I can imagine that the first question on many minds is something along the lines of, “Why does the president of a Federal Reserve Bank care about artificial intelligence (AI), machine learning (ML), and these other emerging technologies? Doesn’t the Fed only care about interest rates?”

That’s a fair question. After all, there is nothing about technology noted in the Federal Reserve’s dual mandate — the focus for our work which Congress handed down to us in the 1970s to clarify our goal as a central bank. The dual mandate says that the Fed must be concerned, first and foremost, with securing stable prices and maximum employment for the American people.

But if you look deeper, you will see an entire range of issues which emanate, whether directly or indirectly, from the dual mandate.

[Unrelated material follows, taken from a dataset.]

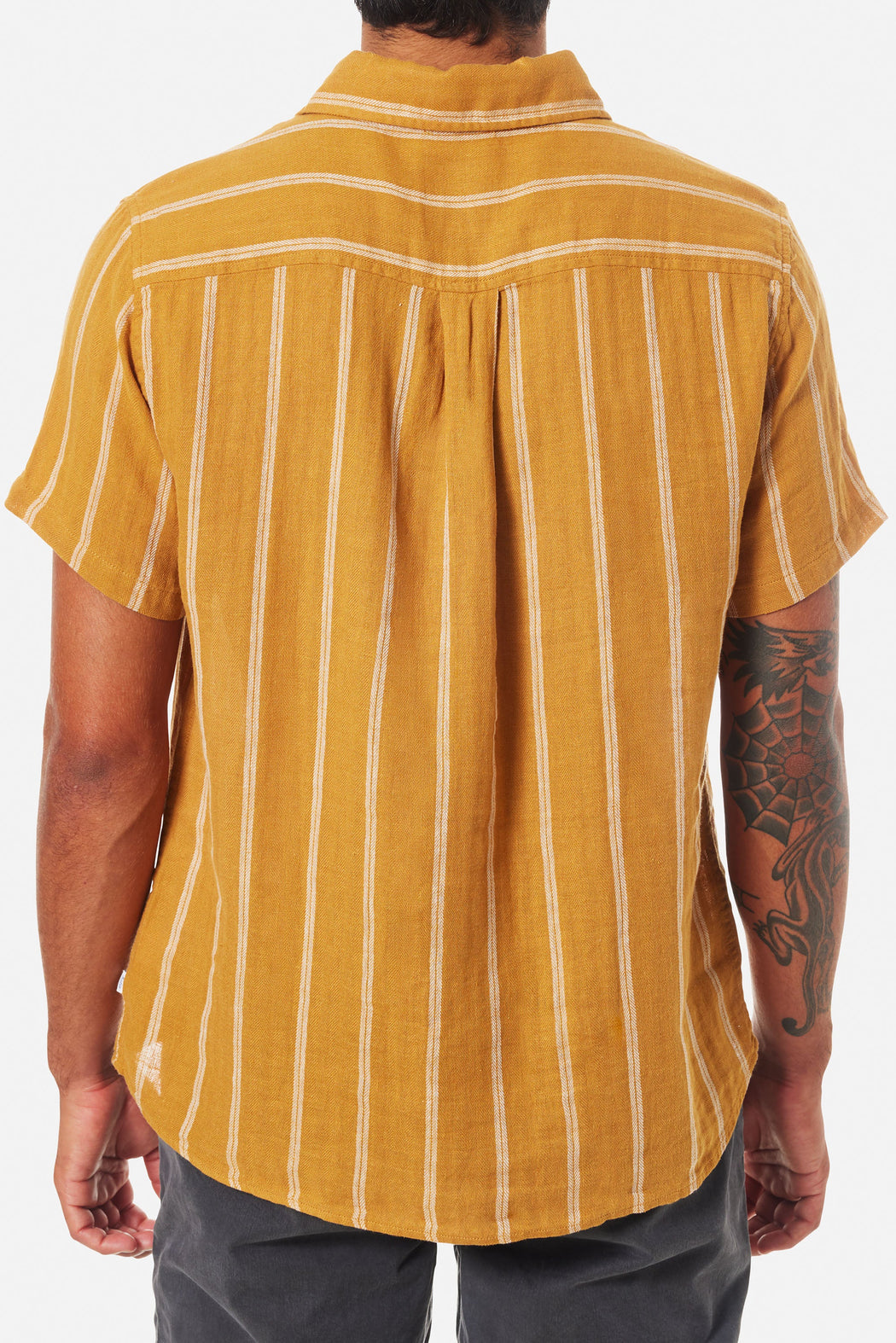 Alan Shirt l Bluff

Two months ago, I had the privilege of speaking to students at Tulane University. The title of that lecture was, somewhat also fitting for tonight, The Federal Reserve: It’s More Than Just Interest Rates.

And that also, I think, works in describing my own life’s journey which led to my current position. I am not an economist in the pure sense. I did not set out in my own education to become an economist. By education and training, I am an engineer, specifically a civil engineer — infrastructure, transportation, and the like.

It was actually my engineering work which led me to economics. Years ago, I was working on an engineering problem related to railroads. I realized that finding the solution required me to understand the underlying economics. So, back to school I went.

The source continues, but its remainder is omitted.